The real polpette is in the far East

A trip East before bolting out of London in the Bora began with a guided tour of Hoxton Market with a Hackney regeneration officer. I listened with intrigue as he titillated me with twisted tales of E8 urbanism – who sold what, where it went, what’s left behind and the staggering cleavage that exists between the ‘authentic’ originals and the urban pastoralists who came along and reimagined a new Hackers.

I’m off to Ridley Road, I told him, To look for Luca.

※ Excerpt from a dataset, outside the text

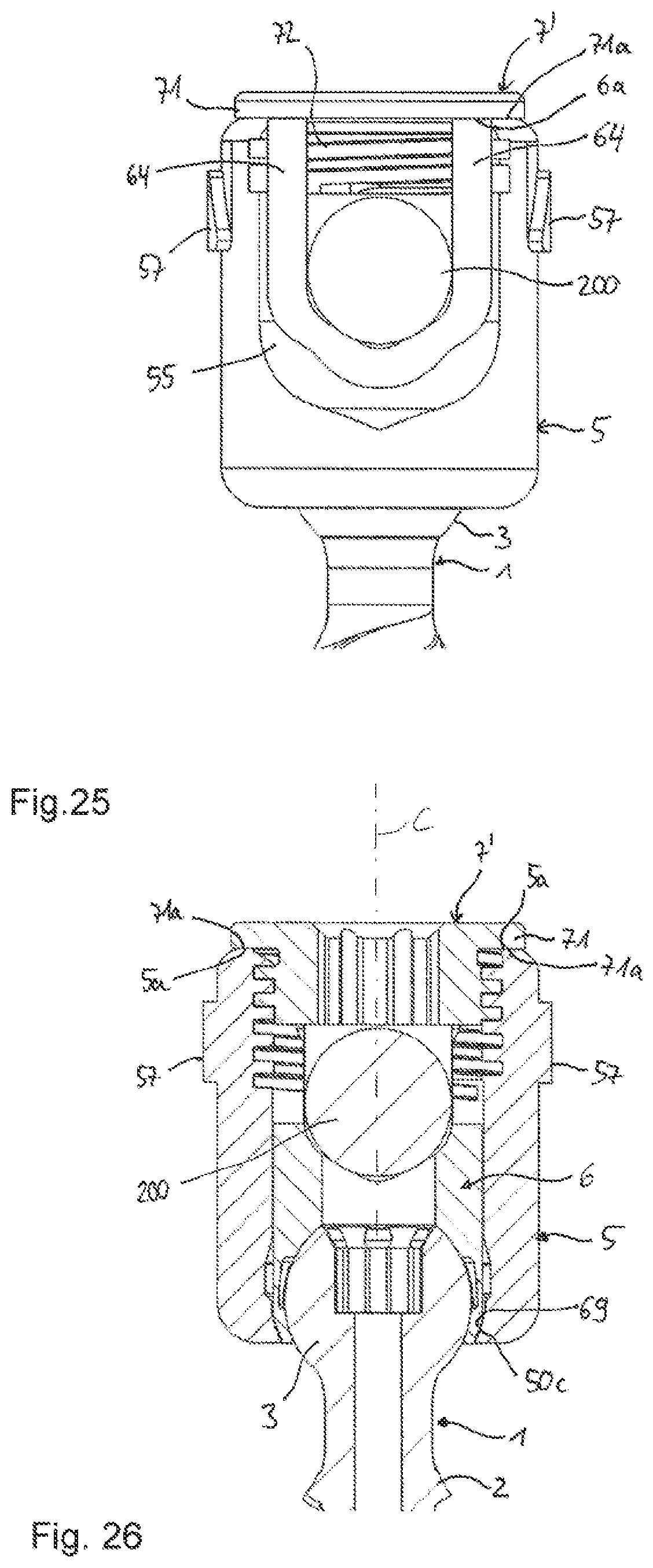 Patent US12588933 Figure 13 – Coupling device for coupling a rod to a bone anchor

“Three-quarters of the way in, park in the Sainsbury’s carpark so you don’t get rinsed out on the meters and don’t buy fish from any of the stalls along the front”. Then more gruesome tales ensued. A picture emerged of a highly questionable hotbed of open-air and not-quite-so-open-air trading. A postcode poll of the punters found them coming in from Northampton, Kent, Peterborough. Places that held nothing like the cacophony of stuff that Ridley Road regularly puts out there. Stories of international smuggling, trade routes used to pass along illegal, unmentionable, unfathomable goods.

“All put paid to now of course, all cleaned up”.

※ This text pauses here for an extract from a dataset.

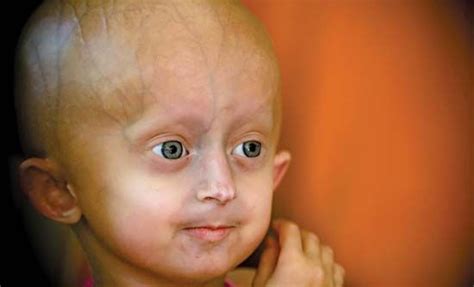 1000+ images about Progeria on Pinterest | Aspirin, Sam berns and Bake sale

I doubt it, I thought, It’s probably just receded further into the crevices, the cracks…

Coming out onto Ridley Road from the Kingsland Shopping Centre there is an amazing amount of sky stretching up out there. No high-rises, no office blocks, just sky above a great rambling encrustation of stalls and holes in walls. I felt all way up high and out there – from the low-slungness of Brixton to this perched strip of Hackney that was just full of people. That’s the magic of a good market – it throws you together with everyone and our natural human predisposition for sociality gets off on it, feels reassured by it.

After I’d walked about the 3/4 of the road I did, indeed, find Luca, purveyor of the truth as far as polpette go – or so they told me. Up on the deck of the Ridley Road Market bar sits his set-up – a 2m/1m trad market stall adorned with New York deli boards announcing the menu:

We all love a good meatball, let’s not even try and pretend. And all the signs around the place were leading me to believe that this would be one of the good ones: The box of really serious looking bread thrusting out of a hanging box to one side, the bowl of green bean salad, glistening with salt crystals, the little pot of Tiramisu sat casually by the till – none of which has anything to do with meatballs, but you can soon spot someone who knows about food.

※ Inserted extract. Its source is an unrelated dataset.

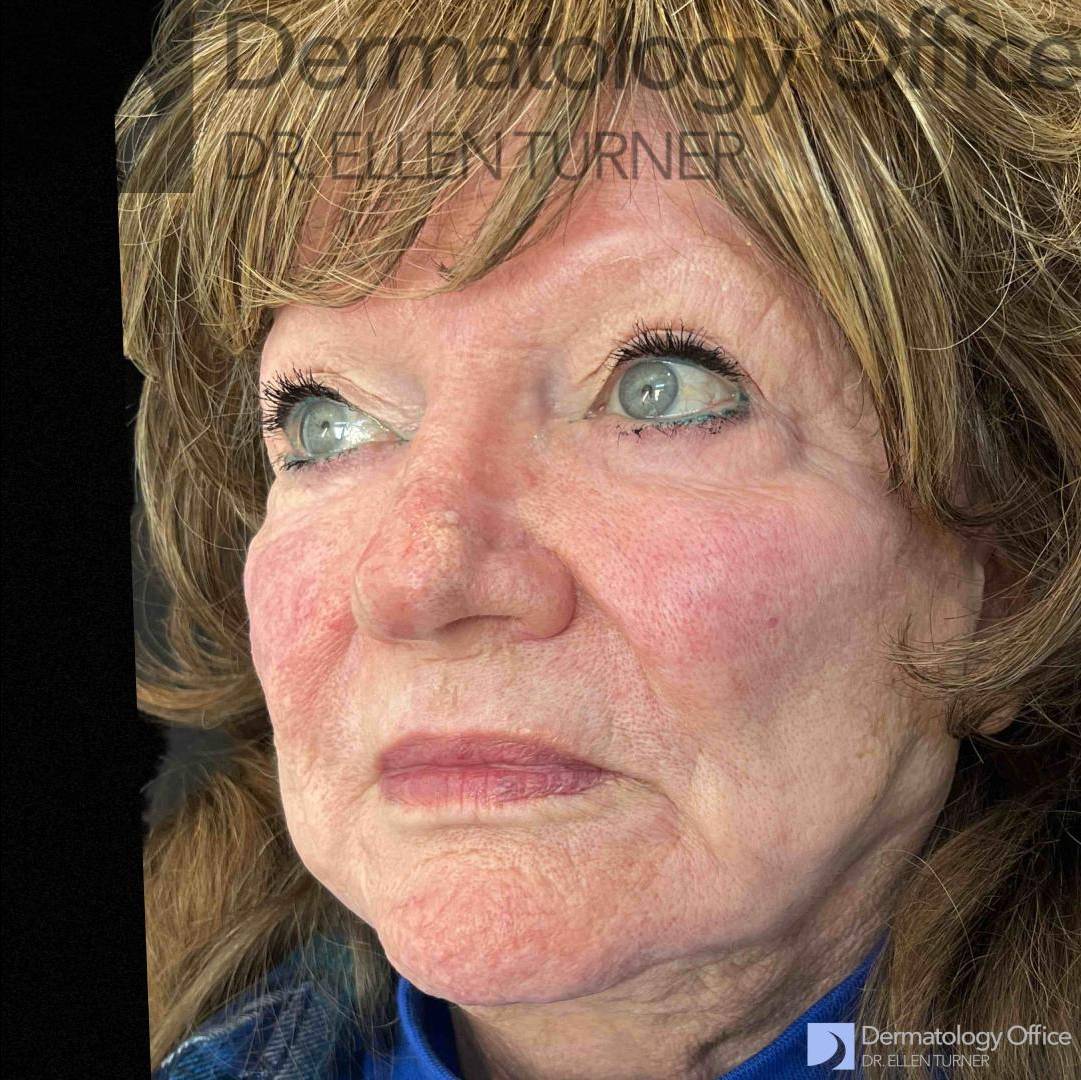 EMFACE (4 treatments) Before and After Case-36 Before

Just give me a bit of everything, I asked, All the sauces and all the balls. Luca obliged, lining the box with the ‘creamy polenta’ and then layering on the different sauces – gorgonzola, roasted tomato and wild mushroom (but leaving out hot peperoncino so it wouldn’t obliterate the taste of the ball).

Then came the balls – two of ricotta & spinach, two of beef. “Always beef, never pork”, Luca told me. On top of this went more sauce, baby spinach and the aforementioned green bean salad which was winking at me, despite the availability of the balls. I staggered off with this great brick of a box to a nearby bench and began excavating this beast of a lunch. I flicked the spinach to the side and didn’t get too involved with the polenta (not my thing), but finally coming into contact with those polpette, all roiling and moiling in such wholesome sugo, was a great moment for me up in E8.

Luca explained the addition of ricotta and 10% of parmesan. Yes, that’s what it is – that’s what makes you think of Italy where other versions never will. Served with real charm and generosity as well. This is a guy who is enjoying being street-side and it shows. Luca Italian lifts Ridley Road, and Ridley Road gives L.I grounding in a truly interesting place.

I hope that we might persuade him to uproot himself from time to time to come and join our gang. Luca Italian is right up our strada.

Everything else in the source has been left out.